Data records:

************

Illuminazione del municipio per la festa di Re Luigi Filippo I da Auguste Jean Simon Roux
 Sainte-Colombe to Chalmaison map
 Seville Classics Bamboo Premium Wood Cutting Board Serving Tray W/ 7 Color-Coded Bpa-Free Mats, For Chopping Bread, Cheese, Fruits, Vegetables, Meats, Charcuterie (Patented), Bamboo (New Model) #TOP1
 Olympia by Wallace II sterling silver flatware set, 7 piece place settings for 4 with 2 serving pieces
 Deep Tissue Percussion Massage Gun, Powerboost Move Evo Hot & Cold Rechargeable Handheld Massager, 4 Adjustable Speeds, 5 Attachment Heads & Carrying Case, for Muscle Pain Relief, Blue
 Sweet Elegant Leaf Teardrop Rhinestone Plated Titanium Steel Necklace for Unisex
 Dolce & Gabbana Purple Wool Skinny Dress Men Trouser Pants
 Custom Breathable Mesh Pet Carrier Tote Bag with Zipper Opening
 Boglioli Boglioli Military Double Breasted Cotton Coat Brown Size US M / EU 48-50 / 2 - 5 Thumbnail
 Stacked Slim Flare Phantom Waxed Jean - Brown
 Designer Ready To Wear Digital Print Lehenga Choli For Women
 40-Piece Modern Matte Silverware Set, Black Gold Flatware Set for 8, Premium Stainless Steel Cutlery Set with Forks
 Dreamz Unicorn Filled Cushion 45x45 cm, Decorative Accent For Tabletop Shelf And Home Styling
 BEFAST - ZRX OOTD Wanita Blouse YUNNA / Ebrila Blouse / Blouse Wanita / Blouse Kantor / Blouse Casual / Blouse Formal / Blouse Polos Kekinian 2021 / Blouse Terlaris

************

Give all the entries again exactly; leave none out.

Written answer:
Illuminazione del municipio per la festa di Re Luigi Filippo I da Auguste Jean Simon Roux
 Sainte-Colombe to Chalmaison map
 Seville Classics Bamboo Premium Wood Cutting Board Serving Tray W/ 7 Color-Coded Bpa-Free Mats, For Chopping Bread, Cheese, Fruits, Vegetables, Meats, Charcuterie (Patented), Bamboo (New Model) #TOP1
 Olympia by Wallace II sterling silver flatware set, 7 piece place settings for 4 with 2 serving pieces
 Deep Tissue Percussion Massage Gun, Powerboost Move Evo Hot & Cold Rechargeable Handheld Massager, 4 Adjustable Speeds, 5 Attachment Heads & Carrying Case, for Muscle Pain Relief, Blue
 Sweet Elegant Leaf Teardrop Rhinestone Plated Titanium Steel Necklace for Unisex
 Dolce & Gabbana Purple Wool Skinny Dress Men Trouser Pants
 Custom Breathable Mesh Pet Carrier Tote Bag with Zipper Opening
 Boglioli Boglioli Military Double Breasted Cotton Coat Brown Size US M / EU 48-50 / 2 - 5 Thumbnail
 Stacked Slim Flare Phantom Waxed Jean - Brown
 Designer Ready To Wear Digital Print Lehenga Choli For Women
 40-Piece Modern Matte Silverware Set, Black Gold Flatware Set for 8, Premium Stainless Steel Cutlery Set with Forks
 Dreamz Unicorn Filled Cushion 45x45 cm, Decorative Accent For Tabletop Shelf And Home Styling
 BEFAST - ZRX OOTD Wanita Blouse YUNNA / Ebrila Blouse / Blouse Wanita / Blouse Kantor / Blouse Casual / Blouse Formal / Blouse Polos Kekinian 2021 / Blouse Terlaris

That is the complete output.